With that being said, the implied marriage contracts between families on the birth of their children, in Pakistani rom-com, are rather delineated as an embodiment of struggle, love, and sacrifice – a pure tearjerker – instead of biting the bullet and acknowledging the consequences of these dysfunctional norms.  

Are we enlivened by the revival of Pakistani cinema? What are we celebrating?   



-It’s just a bagatelle of using a joint washroom, why is this generation lacking “Compromise”?

The sentimentalization of the media portrayals of the joint family system has taken precedence over socially considered trivialities. The concept of Desi marriage and the bride's moving into a joint family comes with a boatload of preposterous expectations and bargains. Matters which were formerly (read: presently) contemplated as inconsequential issues (mind it – they can be as hare-brained as letting the mother-in-law take the front car seat) by women from the recent past, are treated as the basic standard for young women, today. Women who are descried rebelling against these standards are often labeled as the rare bird in society.
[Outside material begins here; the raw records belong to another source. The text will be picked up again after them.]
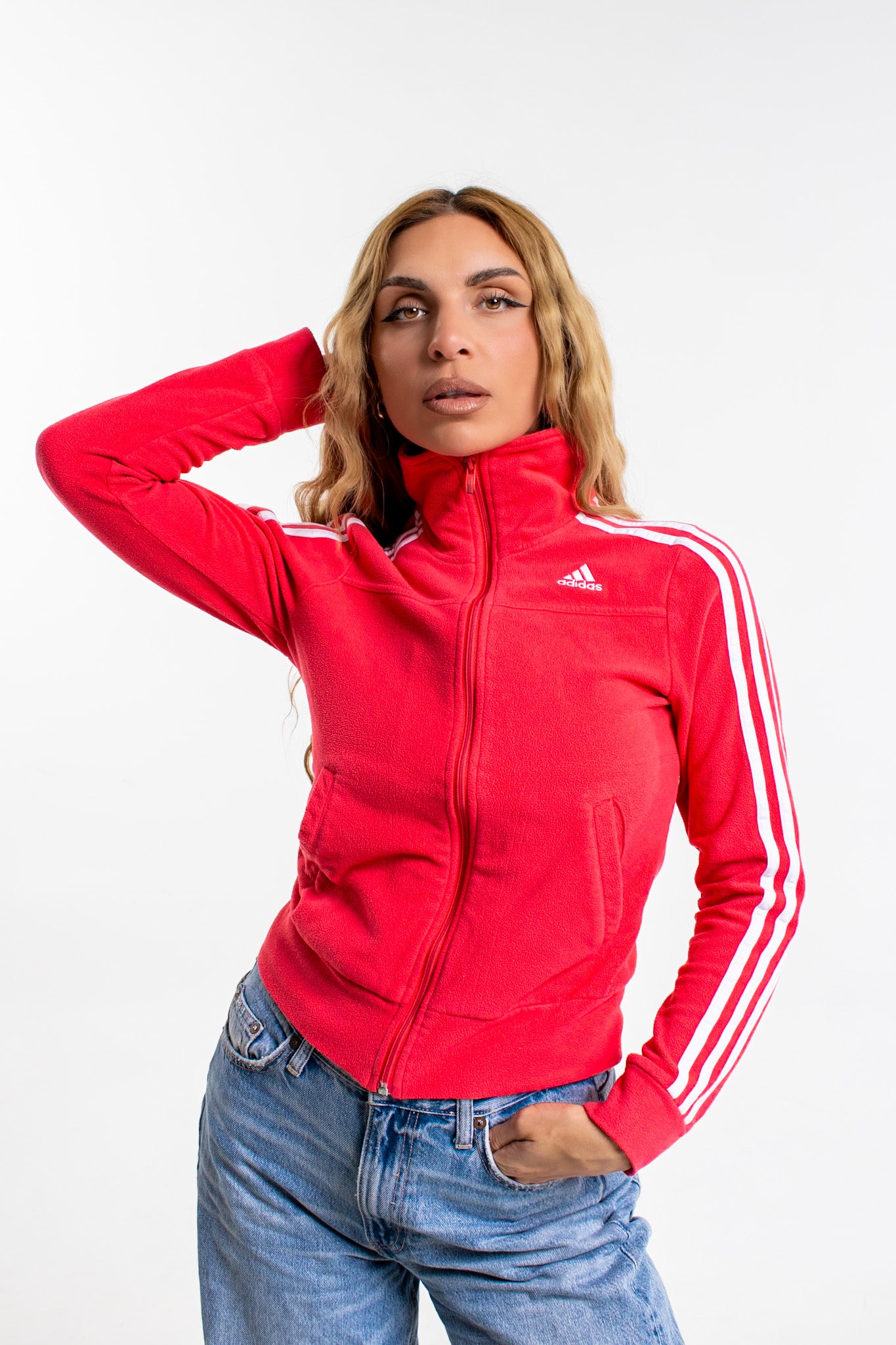 Adidas Fleece Jacket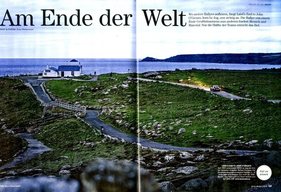 MotorKlassik 3/2018 - Am Ende der Welt MotorKlassik 3/2018 - Am Ende der Welt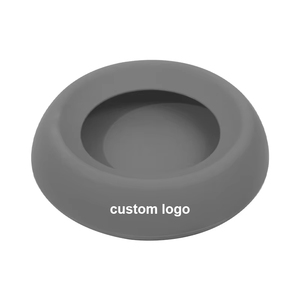 BPA Free Silicone Dog Travel <span class=keywords><strong>Bowls</strong></span> Pet Bowl para Carros Sem Respingo BPA Pet Water Food Dish Bowl para Cães Gatos - Product Image 1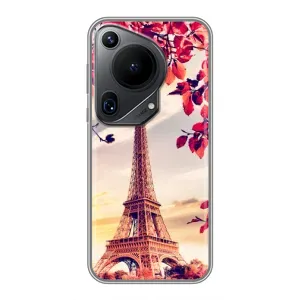 Чехол с Эйфелевой башней на Huawei Pura 70 Ultra (Paris photo)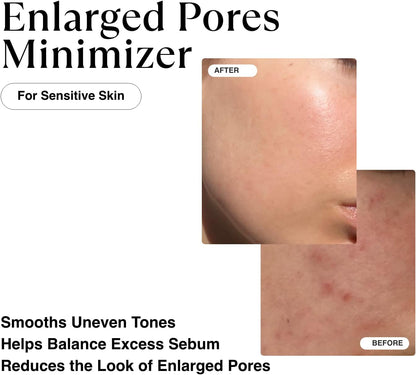 MATKAS Korean Niacinamide Serum for Face Antioxidant Ampoule Brightening + Glow + Ceramides + Vitamin E + Hyaluronic Acid + Beta-Glucan for Anti-Aging, Radiance, Even Skin Tone, Oil Pore Reducer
“-It’s just a bagatelle of using a joint washroom, why is this generation lacking “Compromise”?” – says aunty XYZ, who due to her precariousness and insecurities - from her martial, joint family life - failed to recognize the disquiet women face at the hands of desi marriage, let alone living in a joint household. The bequeathing of these values in younger women, primarily in the name of compromise and commitment, has challenged their nurturing and empowerment – confining them as centers/institutions of nurturing and mothering for other family members.
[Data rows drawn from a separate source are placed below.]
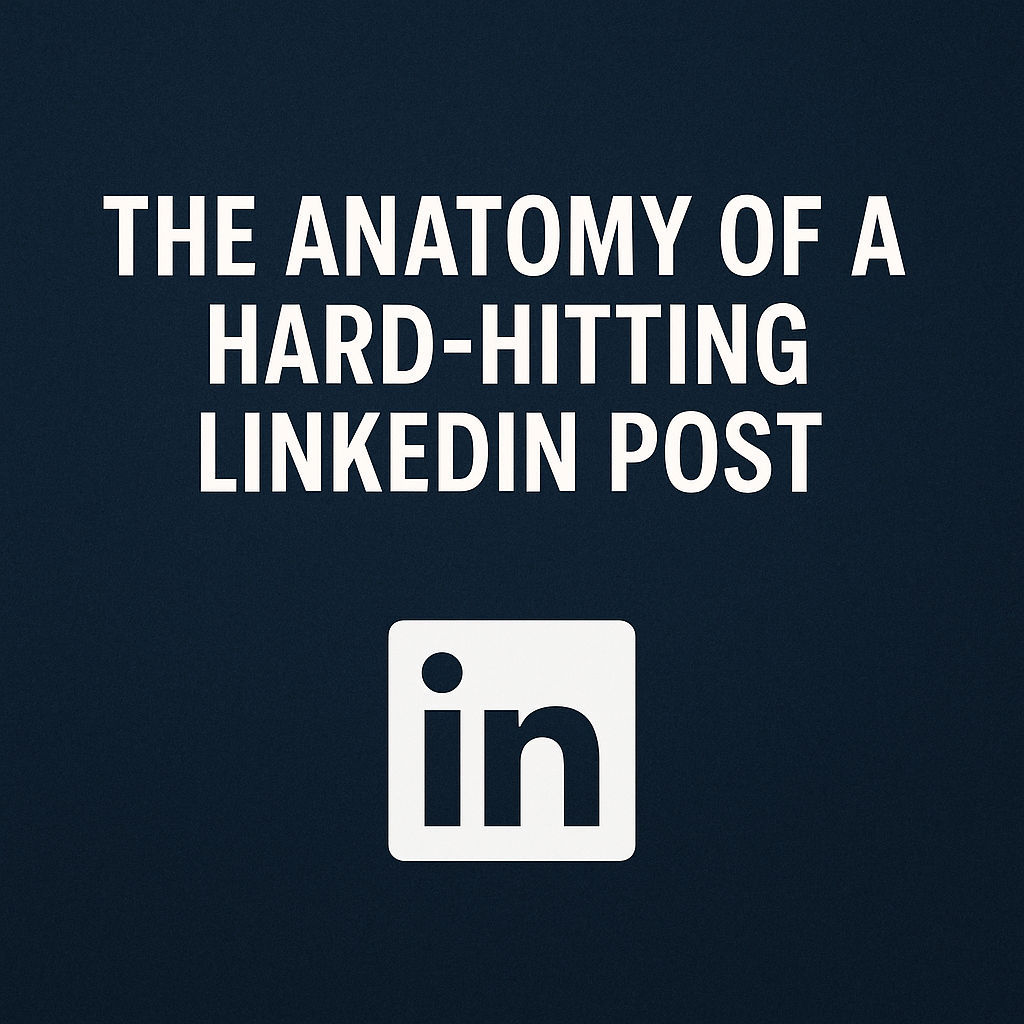 Hard-Hitting LinkedIn Posts to Share This Week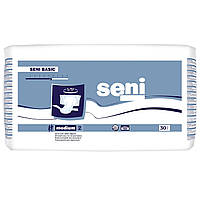 Подгузники для взрослых Seni Basic Medium 75-110 см 30 шт (5900516693794)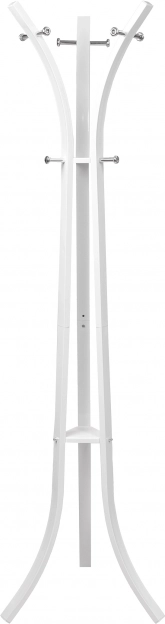Ruhafogas Álló ruhatartó fehér ModernHome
The sacred practice of marriage in our patriarchal society is a manifestation of “settling down” – often peer pressuring single (read: content) women to endure subordination in contemplation of creating a “home” out of dysfunctional relationships/households. For the most part, the subordination has necessitated women to “bargain”, which predominantly constrains them to co-exist in a joint household.

The deadwood of living in a joint family averts newlywed women from their basic rights – which can be as trivial as traveling with your husband (alone), using a separate washroom, having a say in your matters, keeping a check on your (personal) items, entering a plea for family planning, and so on. The cultural and social acceptance of the contravention of women’s rights has conclusively fashioned the talking of heroic women as bagatelle.  

 

 

How come you guys pull off to live alone (in a nuclear set-up) with your partner, and not wind-up slaying yourselves?!

The most prevailing social narrative, advertised by women, on living in a joint family is (plainly) the conception of living alone. The dread among women, of sharing a bed and board - with their spouses - in a nuclear set-up, has ascended from the idea of interdependency on not-so-nuclear family members to fill the “void” in their marital relationships.

The inadequacy of young couples to conform themselves in a self-contained relationship, without the “assistance” (read: trespassing) of extended family members, has more to contribute to the distress surrounding the idea of living in a nuclear family. The stumbling block in this narrative lies not in the notion of young couples’ need for “space” in their relationships, but in their ineptitude to do the “inner work” and address the unhealed relationship wounds. The idea of living together in a joint family gives a false sense of security or serves as a pipe dream for many people. It provides emotional reassurance at the hands of extended family members, which hampers couples to seek comfort within themselves. This primarily happens when couples tend to stay within their “survival modes” (at the mercy of their extended family members) – which leaves them feeling baffled and getting emotionally triggered, and any possibility of moving into a nuclear set-up acts as a challenge to their emotional growth as a couple.


   

 So, the next time you observe some women on a Facebook group or a random Instagram thread normalizing (read: glorifying) their past subordinating roles in a joint family - merely in the name of sacrifice or compromise and to abide by their unspoken covenants to the scarce socio-cultural norms – you know what to do.